Summary of Survey Responses for Assessment Conditions

*Note. Mean Likert scale scores are given (1 = Strongly Agree, 5 = Strongly Disagree). Between-groups comparisons were done with Kruskal-Wallis tests; test statistics and p values are reported in the right-hand columns.

Assessment explanations reduce perceived difficulty and mind wandering. We were surprised to find the largest average difference in subjective responses was found in participants' perceived level of mind wandering. Participants in both the Assessment + answers and the Assessment + interactive condition reported significantly greater levels of mind wandering than participants in the Assessment + explanation condition (Figure 2A). We hypothesize that explanations provided immediately after the questions is a form of feedback that increases the perception of interactivity. Explanations also affected perceptions of difficulty. The addition of explanations and an interactive reduced the average reported difficulty of the lesson, compared with assessment answers only (Figure 2B). However, the only significant difference in reported difficulty was between the Assessment + answers and Assessment + explanations conditions. This suggests that immediate feedback decreases the perception that material is challenging.

Assessment without additional feedback reduces score predictions and perceived understanding. We also observed a significant between-groups difference in self-rated understanding of the lesson material. Participants in the Assessment + answers condition reported the lowest levels of understanding of the lesson material; this effect was abrogated by the addition of explanations or a summary interactive (Figure 2C). This could indicate that explanations increase students' feelings of fluency. At the end of the instruction phase of the study, participants were asked to predict their post-test scores. We measured the accuracy of these predictions by comparing predicted scores to actual post-test scores (accuracy = Predicted Score - Actual Score) (Figure 2D). There was no difference in the variance of accuracy between any of the groups (T(3)=0.894, p=0.827, Bartlett's test). On average, score predictions were low by about one point out of ten in the Assessment + answers group, whereas they were quite accurate in the other groups. The Assessment + answers group was the only group that did not accurately predict their scores, as measured by a deviation from a mean accuracy of zero. It may be the case that participants who completed assessment with only assessment answers as feedback had lower feelings of self-efficacy than participants in the other groups, as manifested by lower ratings of understanding and inaccurate test score predictions. The results suggest that summary interactives and explanations can mitigate a perceived lack of familiarity with instructional material.
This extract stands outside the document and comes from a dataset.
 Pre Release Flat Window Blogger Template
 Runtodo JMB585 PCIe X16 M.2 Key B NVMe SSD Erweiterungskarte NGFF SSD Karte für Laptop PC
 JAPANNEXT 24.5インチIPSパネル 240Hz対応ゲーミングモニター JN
Figure 2. Significant differences in survey responses between the Assessment conditions.

Results from the Text condition are shown for visual comparison, but because of the significant differences in dropout, this condition was not statistically compared to the Assessment conditions. For panels A-C, all P values were computed with post-hoc Mann-Whitney tests. Sample sizes for each group are given in Appendix C. Frequency of responses the day of instruction (0) and after a seven-day follow-up (7) are shown. A - Participants in the Assessment + explanations condition reported substantially lower levels of mind wandering than participants in either the Assessment + answers (U=779, p=0.002) or Assessment + interactive (U=1488, p=0.006) conditions. B - Participants in the Assessment + explanations condition perceived that the lessons were less difficult than participants in the Assessment + answers condition (U=842.5, p=0.008). C - Compared to the Assessment + answers condition, participants reported greater understanding in the Assessment + explanations (U=1640, p=0.003) and Assessment + interactive (U=1701.5, p=0.006) conditions. D - Participants in the Assessment + answers condition made the least accurate score predictions; this group is the only group for which the average accuracy (Predicted - Actual Score) was not equal to zero (t(52)=-3.4612, p=0.0011). P values on graphs: ** < 0.01; *** < 0.005.
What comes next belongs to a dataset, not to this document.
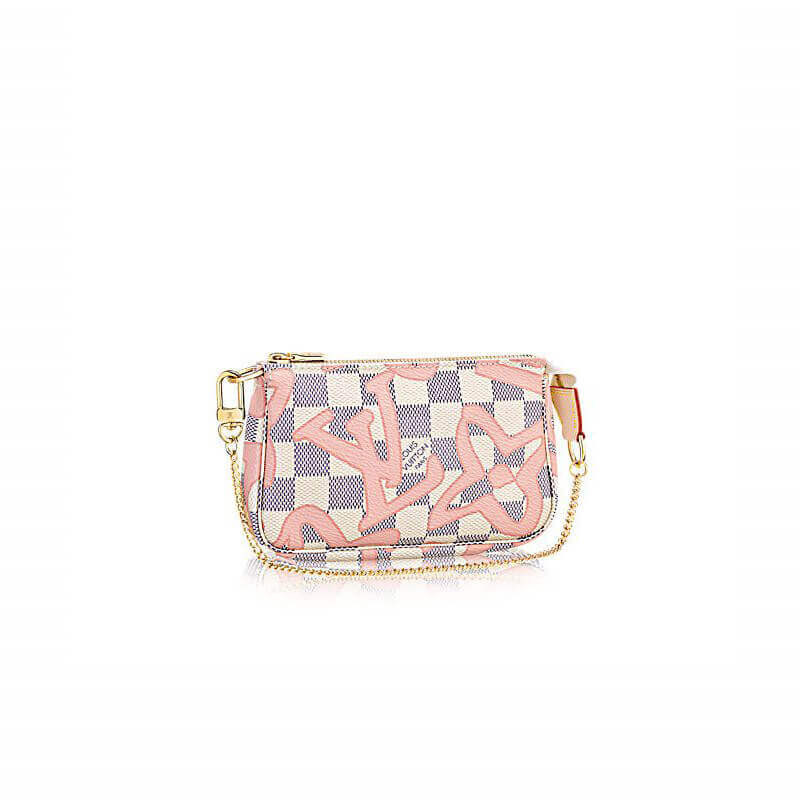 Louis Vuitton Damier Azur Canvas Mini Pochette AccessOires N60051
Evidence from an authentic context: Students choose to view assessment explanations in online courses. To test whether our experimental results hold true in a real-world setting, we analyzed assessment interaction behavior in three separate runs of HMX Fundamentals - Immunology, the SPOC from which we drew instructional materials for this study. The course platform provides students with a "Show Answer" button that appears after students have completed a question (meaning the students have answered correctly or used up all assessment attempts). Students were allowed two attempts for most assessments in the course. If students do answer correctly, they already have knowledge of the correct response and the only additional information revealed by the "Show Answer" functionality is an explanation. We analyzed whether students showed the answer and explanation, broken down by the number of answer attempts and whether or not their responses were correct (Figure 3). When students answered correctly on the first attempt, they viewed the explanation almost half of the time (48.9%). This increased if students were incorrect on the first attempt but correct on a later attempt (62.5%). Finally, if students never answered correctly, they almost always viewed the answer and explanation (95.0%). Overall, these results suggest that, even with knowledge of the correct response, students often choose to view assessment explanations.
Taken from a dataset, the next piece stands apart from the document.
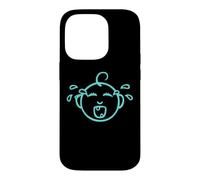 Custodia per iPhone 14 Pro DIVERTENTE E CARINO CRY BABY - PROGETTATO BAMBINO BLU CHE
Figure 3. Students opt in to reading explanations in online courses.

Results are from three course runs of a small private online immunology course, comprising 69,043 total attempted questions. Students had the option to view answers and explanations with a "Show Answer" button. In any case where students answered correctly, they already had knowledge of the correct response before selecting "Show Answer". Most questions in this course allowed the students to attempt the question twice. Approximately half of the time when students had the correct answer on a first attempt, they still viewed the explanation. In cases where the students were incorrect on the first attempt, but correct on a later attempt, students more frequently opted to see the explanation. Finally, when students were incorrect, they viewed the explanation (and correct answer) over 95% of the time. Differences in show answer behavior were statistically significant (H(2)=5540.2, p<2.2E-16, chi-squared test).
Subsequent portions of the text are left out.